What size horn do you folks use for general stuffing of common sausage such as Brats, Italian, and the like? I have been using a 3/4" OD, but seem to be getting air pockets. Is it my technique or should I move up to a 1"

post #2 of 21

I use a technique...    left hand cradles the sausage being stuffed with the index finger and thumb on the casing and horn....  I try to keep the casing on the horn,squeezing gently, while the casing is crammed full from me cranking the handle......   It's a balance....   over stuffing pressure will cause "blowouts" of the casing....      If you can get the casings on a larger horn, I'd do it....   makes stuffing easier..... the pressure still needs to be applied to the casing so it will fill with ground meat.....  you can watch it expand and gauge the pressure.....  

 

Dave

post #3 of 21

I use a 3/4 inch tube for the sasages you describe above.  I do the same thing that Dave does.  As carefull and as many time's that i make sausage, i get an air pocket or two once in awhile.  One thing i do that helps is when puttting on the casing on the tube is pull the casing back toward the exit end of the tube after i put all the casing on that i could put on per stuffing. 

 

What this does, it makes it easier to control the flow of the sausage mix.  If you leave the casings up the tube and then stuff, i find that toward the end i have to push the casings forward manualy otherwise you create a drag on the casings possibly overstuffing and creating a blowout. I hope i explained this properly.  Wish i had a pic or do of me doing this.

 

Another thing is, after stuffing the casings full of sausage mix, I poke a few holes in the stuffed casings before linking it.  This releases  pressure in the casings and get's rid of air pockets that may be there. Reinhard

post #4 of 21
Thread Starter 

Basically, this is how I do it too, but I was having trouble maintaining my left hand placement while cranking. The batch before this one I overstuffed and the batch this last weekend I had  a lot of air.  I usually have to keep stopping to adjust the filled sausage otherwise it bends at an unusual angle at the tube. I also kept the casings pushed up towards the stuffer and not at the tube end. I will try that next time. I was also thinking of letting my wife crank the stuffer while I just handle the sausage end. When I was using collagen exclusively, I didn't have these troubles as everything came off straight, but now with the natural casings it's like I am learning all over again, which I guess I am.
 

post #5 of 21

I agree with all of the above post. It iust takes a little patience.

Happy smoken.

David

post #6 of 21

Letting your wife crank the handle might be a big help as you learn to work the casings. Do you give the casings a nice long soak & keep them wet on the stuffer tube so they slide easily for you?

post #7 of 21
Thread Starter 
Quote:
Originally Posted by Smoking B View Post

Letting your wife crank the handle might be a big help as you learn to work the casings. Do you give the casings a nice long soak & keep them wet on the stuffer tube so they slide easily for you?
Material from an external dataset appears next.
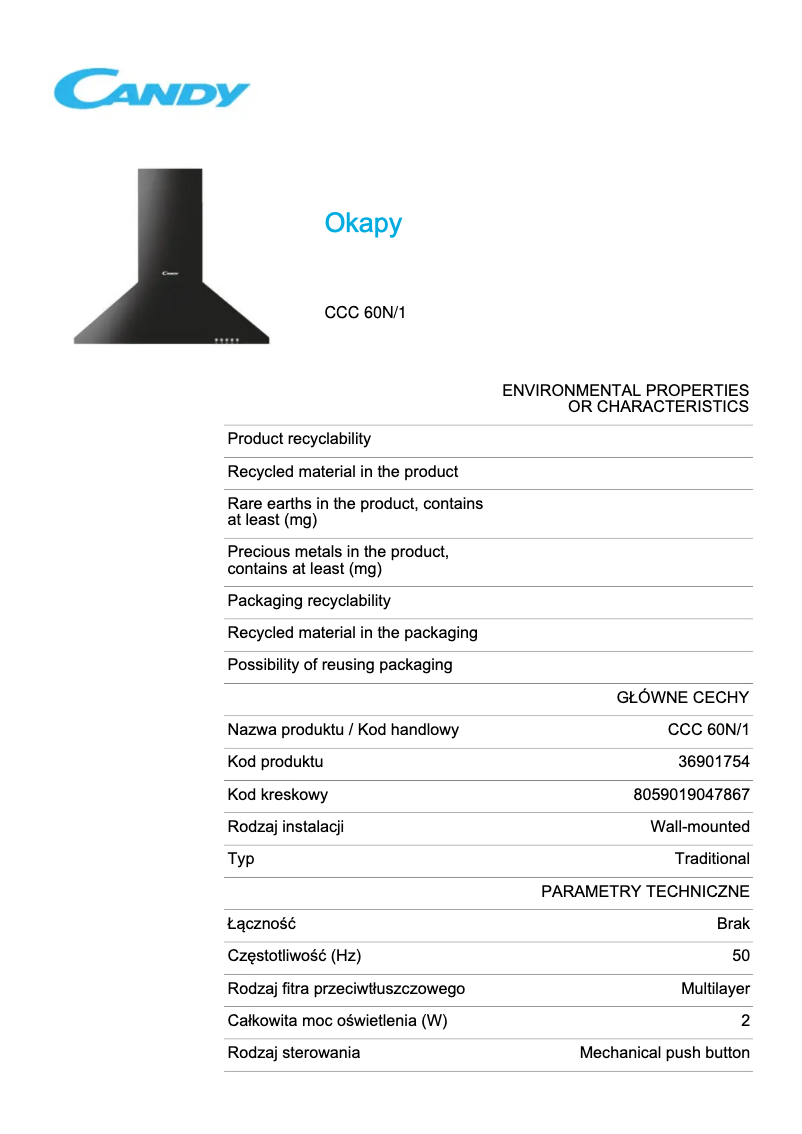 Page 1 of the manual Technical Sheet Candy CCC 60N/1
Yes, I do all that. I never had a problem with them sticking at all. I guess what I am having some trouble with is the amount. Last time all was well until I tried to link them, then blowouts galore. This time, less filling but a lot of more air. Maybe I didn't fill them enough? With the collagen you just filled them. They don't stretch much.

post #8 of 21

Sounds like maby the left hand and forefinger and thumb still need the right "feel".   As far as the filled casings bending near the end of your tube, you should probably momentarly stop stuffing and with your left hand pull the filled casings straight and then procceed to stuff again.  I do this all the time because i stuff and link by myself.  After awhile you will get the hang of it.  I have learned to use the correct pressure while cranking on the stuffer and also what pressure if any i put on the casings while stuffing. Try putting the casings near the end of the tube next time and i think it will make stuffing easier for you.  If you dont have a vertical stuffer is would suggest that as well.  Reinhard

post #9 of 21

Just take your time. I do all the stuffing.

 

Air pockets can be from not packing the main canister right (air pockets between meat placement) Pulling the casing forward some then back to fill causing an air pocket. Try to keep the casing close to the end of the tube (some can be long i know) Natural twist will want to go to one side, keep the meat tight to the end and twist the casing on the tube.

Casing stick on the tube you can resolve by keeping the stuffing tube area wet. You can apply Pam or Crisco to the tube also with no taste. Avoid Olive oils.

 

For hog casings i use the 1/2" or 3/4" OD tubes. Larger SS or Bologna i use my 1" tube.

 

Your results may vary.

laugh1.gif

post #10 of 21

 One thing that I like to do is use a large round bowl, I prefer a large stainless steel one, but anyone will work. I use it as  a catch container when I’m stuffing, add a little water to it and the sausage will try to coil up on its on……..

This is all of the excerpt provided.